■ **What is being asked**:
Find the line with "1970s Christian Dior" and the line with "Mosonio Compatible with" in the entries below; output exactly those two lines, every line between them, and no others.

(Short descriptive text snippets)

------

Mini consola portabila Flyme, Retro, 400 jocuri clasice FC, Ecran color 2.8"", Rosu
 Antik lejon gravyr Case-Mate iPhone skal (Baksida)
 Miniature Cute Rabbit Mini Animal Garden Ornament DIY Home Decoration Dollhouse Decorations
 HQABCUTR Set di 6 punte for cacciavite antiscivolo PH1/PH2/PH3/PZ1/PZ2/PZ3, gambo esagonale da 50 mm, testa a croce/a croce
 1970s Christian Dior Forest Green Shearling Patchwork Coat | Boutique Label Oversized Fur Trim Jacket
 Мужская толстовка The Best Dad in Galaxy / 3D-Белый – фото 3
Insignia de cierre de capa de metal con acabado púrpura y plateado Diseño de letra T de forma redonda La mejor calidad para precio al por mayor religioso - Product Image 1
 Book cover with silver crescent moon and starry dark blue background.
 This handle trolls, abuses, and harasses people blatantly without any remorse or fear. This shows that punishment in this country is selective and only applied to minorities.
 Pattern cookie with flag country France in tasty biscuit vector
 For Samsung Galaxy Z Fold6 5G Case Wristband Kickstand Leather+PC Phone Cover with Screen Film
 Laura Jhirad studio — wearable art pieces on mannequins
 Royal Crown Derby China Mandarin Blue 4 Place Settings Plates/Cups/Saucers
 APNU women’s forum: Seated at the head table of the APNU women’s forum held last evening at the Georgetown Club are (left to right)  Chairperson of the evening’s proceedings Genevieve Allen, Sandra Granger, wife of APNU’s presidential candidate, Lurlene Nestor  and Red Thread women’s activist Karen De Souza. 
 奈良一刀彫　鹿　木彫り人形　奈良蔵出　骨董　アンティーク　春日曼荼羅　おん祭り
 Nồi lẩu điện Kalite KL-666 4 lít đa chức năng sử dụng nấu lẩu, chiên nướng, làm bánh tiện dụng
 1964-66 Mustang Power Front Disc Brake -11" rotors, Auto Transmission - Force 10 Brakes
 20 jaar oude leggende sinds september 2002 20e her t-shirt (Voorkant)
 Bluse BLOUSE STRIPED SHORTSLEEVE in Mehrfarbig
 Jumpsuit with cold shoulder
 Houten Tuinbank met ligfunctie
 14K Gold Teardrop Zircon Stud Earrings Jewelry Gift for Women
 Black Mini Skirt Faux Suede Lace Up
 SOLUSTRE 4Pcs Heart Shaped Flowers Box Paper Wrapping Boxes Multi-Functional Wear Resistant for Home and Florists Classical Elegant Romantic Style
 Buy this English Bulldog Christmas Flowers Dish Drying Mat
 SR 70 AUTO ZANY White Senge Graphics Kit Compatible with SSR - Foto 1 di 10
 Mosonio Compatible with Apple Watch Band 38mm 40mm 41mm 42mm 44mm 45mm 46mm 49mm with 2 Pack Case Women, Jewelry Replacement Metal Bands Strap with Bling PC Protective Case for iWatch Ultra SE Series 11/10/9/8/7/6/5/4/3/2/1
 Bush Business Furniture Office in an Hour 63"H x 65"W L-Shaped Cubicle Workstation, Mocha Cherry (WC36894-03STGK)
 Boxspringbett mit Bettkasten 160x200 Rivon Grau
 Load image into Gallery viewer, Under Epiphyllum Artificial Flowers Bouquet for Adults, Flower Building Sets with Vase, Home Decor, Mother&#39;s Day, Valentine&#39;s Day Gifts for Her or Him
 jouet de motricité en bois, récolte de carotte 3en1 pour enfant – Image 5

------

■ **Task answer**:
 1970s Christian Dior Forest Green Shearling Patchwork Coat | Boutique Label Oversized Fur Trim Jacket
 Мужская толстовка The Best Dad in Galaxy / 3D-Белый – фото 3
Insignia de cierre de capa de metal con acabado púrpura y plateado Diseño de letra T de forma redonda La mejor calidad para precio al por mayor religioso - Product Image 1
 Book cover with silver crescent moon and starry dark blue background.
 This handle trolls, abuses, and harasses people blatantly without any remorse or fear. This shows that punishment in this country is selective and only applied to minorities.
 Pattern cookie with flag country France in tasty biscuit vector
 For Samsung Galaxy Z Fold6 5G Case Wristband Kickstand Leather+PC Phone Cover with Screen Film
 Laura Jhirad studio — wearable art pieces on mannequins
 Royal Crown Derby China Mandarin Blue 4 Place Settings Plates/Cups/Saucers
 APNU women’s forum: Seated at the head table of the APNU women’s forum held last evening at the Georgetown Club are (left to right)  Chairperson of the evening’s proceedings Genevieve Allen, Sandra Granger, wife of APNU’s presidential candidate, Lurlene Nestor  and Red Thread women’s activist Karen De Souza. 
 奈良一刀彫　鹿　木彫り人形　奈良蔵出　骨董　アンティーク　春日曼荼羅　おん祭り
 Nồi lẩu điện Kalite KL-666 4 lít đa chức năng sử dụng nấu lẩu, chiên nướng, làm bánh tiện dụng
 1964-66 Mustang Power Front Disc Brake -11" rotors, Auto Transmission - Force 10 Brakes
 20 jaar oude leggende sinds september 2002 20e her t-shirt (Voorkant)
 Bluse BLOUSE STRIPED SHORTSLEEVE in Mehrfarbig
 Jumpsuit with cold shoulder
 Houten Tuinbank met ligfunctie
 14K Gold Teardrop Zircon Stud Earrings Jewelry Gift for Women
 Black Mini Skirt Faux Suede Lace Up
 SOLUSTRE 4Pcs Heart Shaped Flowers Box Paper Wrapping Boxes Multi-Functional Wear Resistant for Home and Florists Classical Elegant Romantic Style
 Buy this English Bulldog Christmas Flowers Dish Drying Mat
 SR 70 AUTO ZANY White Senge Graphics Kit Compatible with SSR - Foto 1 di 10
 Mosonio Compatible with Apple Watch Band 38mm 40mm 41mm 42mm 44mm 45mm 46mm 49mm with 2 Pack Case Women, Jewelry Replacement Metal Bands Strap with Bling PC Protective Case for iWatch Ultra SE Series 11/10/9/8/7/6/5/4/3/2/1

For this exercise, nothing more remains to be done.